India’s Q2 Growth Seen At ~7.3%: A poll of 12 economists projects India’s GDP growth in Q2 to be around 7.3 %, boosted by strong rural demand, elevated government capital expenditure and early export traction. Official numbers are awaited from the National Statistical Office (NSO) on November 28, while the Reserve Bank of India (RBI) had earlier estimated 7 % growth.

Reliance Retail Brings Europe’s ‘essence’ Brand To India: Reliance Retail has secured an exclusive distribution partnership with Germany-based essence (owned by Cosnova Beauty) to launch the cosmetics brand in India, aiming to deepen its beauty portfolio. The brand is known for affordable, cruelty-free makeup products and will be available across online and physical channels. 

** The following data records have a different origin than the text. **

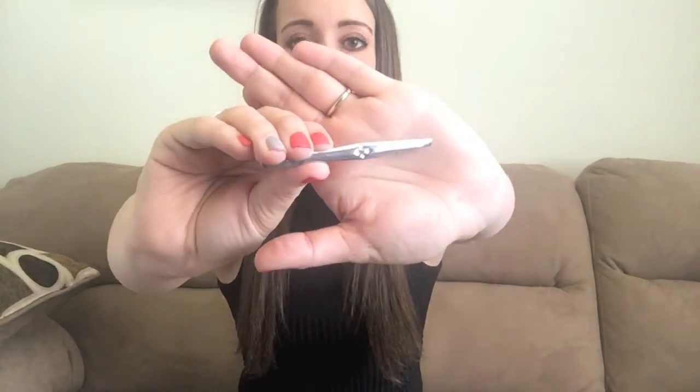Tweezers. This is not necessarily makeup, but I feel like it's beauty. I am so picky about tweezers that until this month, I had not found a tweezer that worked for me. I would always go for the more colorful ones and those just did not work. So these Revlon tweezers are everything. They're not too pointy, they're not too rounded — they are perfect.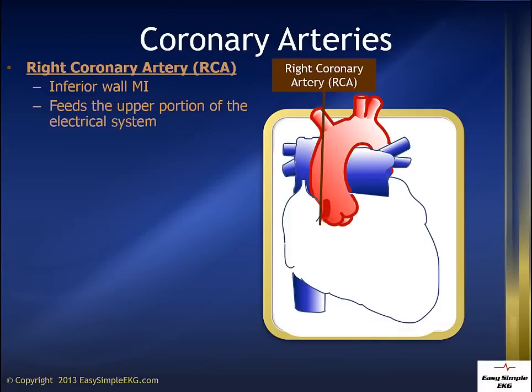The right coronary artery, or RCA, provides the blood supply to the right side of the heart. We call this the inferior wall of the heart because the way the heart is cocked in the chest, the right side turns out to be the bottom, or inferior, wall of the heart as well. The RCA also feeds the upper portion of the electrical system of the heart.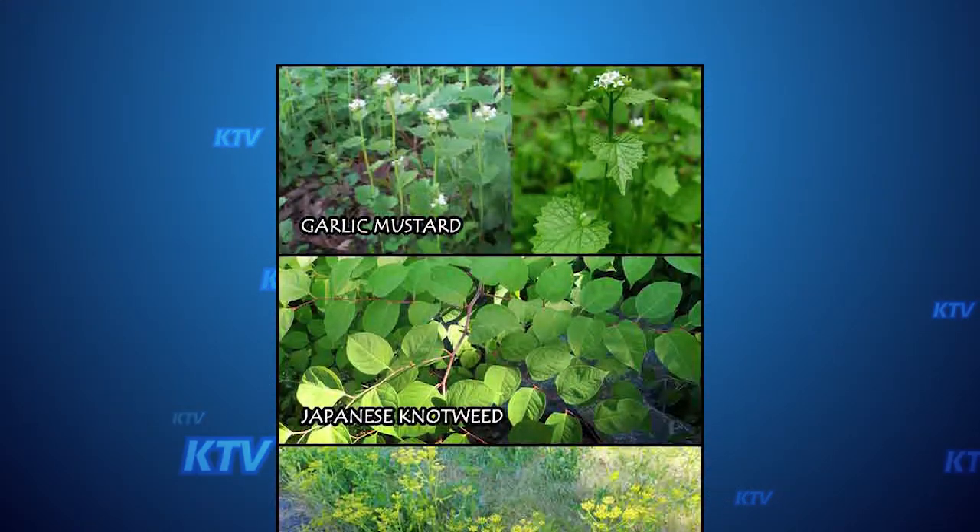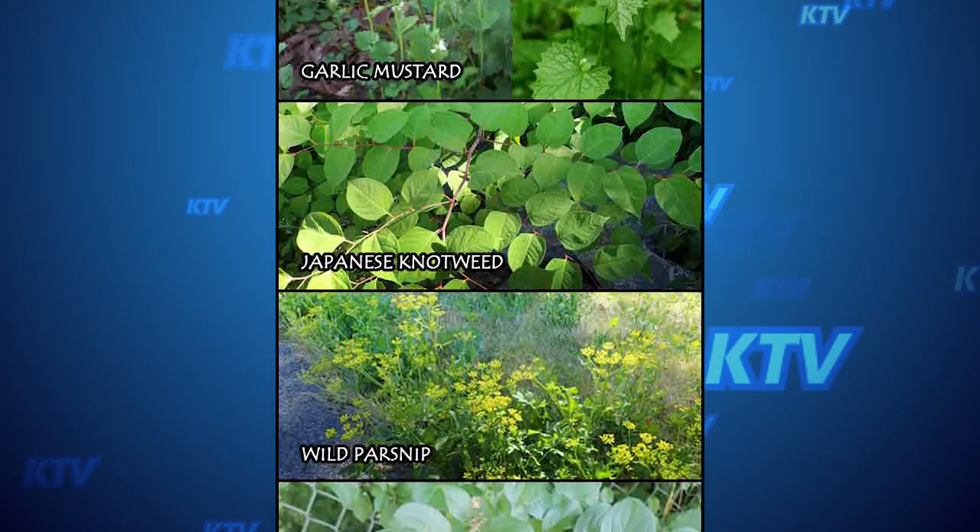The Ganawage Environment Protection Office is doing an awareness campaign about several invasive species. We're looking at the phragmites, the wild parsnip, Japanese knotweed, and buckthorn.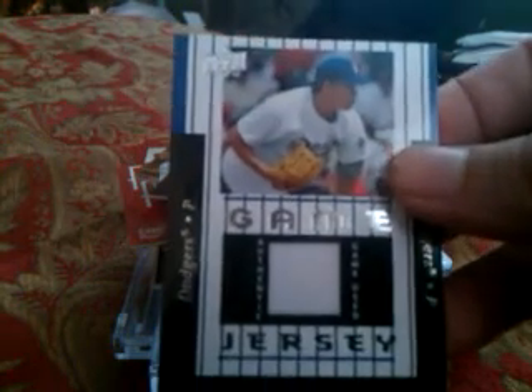Franny Sanchez game-used jersey from Upper Deck. Victor Martinez from Upper Deck, game-used jersey. From the Mets, Lastings Milledge, game-used jersey. From the Dodgers, Hong-Chih Kuo — not sure if I got that right — game-used jersey from Upper Deck. Tadahito Iguchi from the White Sox, game-used jersey. And Josh Beckett retrospective swatches, Upper Deck Spectrum, game-used jersey.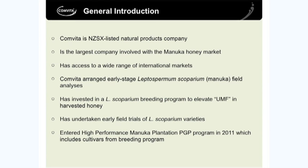We run about 15,000 hives and also look after our plantation Manuka developments. Convita is listed on the stock exchange and is the largest company involved in the Manuka honey market. We export about 60-70% of total Manuka produced in New Zealand.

US Tariff Exemption Offers $1 B Boost To India’s Farm Exports: The US has granted tariff exemptions on around 250 food and agriculture items, covering roughly $1 billion worth of Indian farm exports, according to the Ministry of Commerce & Industry. Exporters of spices, tea, nuts, fruits and processed food may gain competitive advantage under the relief.

India’s Merchandise Exports Drop To $34.38 B In October: India’s merchandise exports slid to $34.38 billion in October, while imports surged, driving the trade deficit to a record ~$41.68 billion, largely due to ballooning gold and crude oil imports and softer exports to the US. Exporters are facing headwinds from higher global tariffs and demand softness.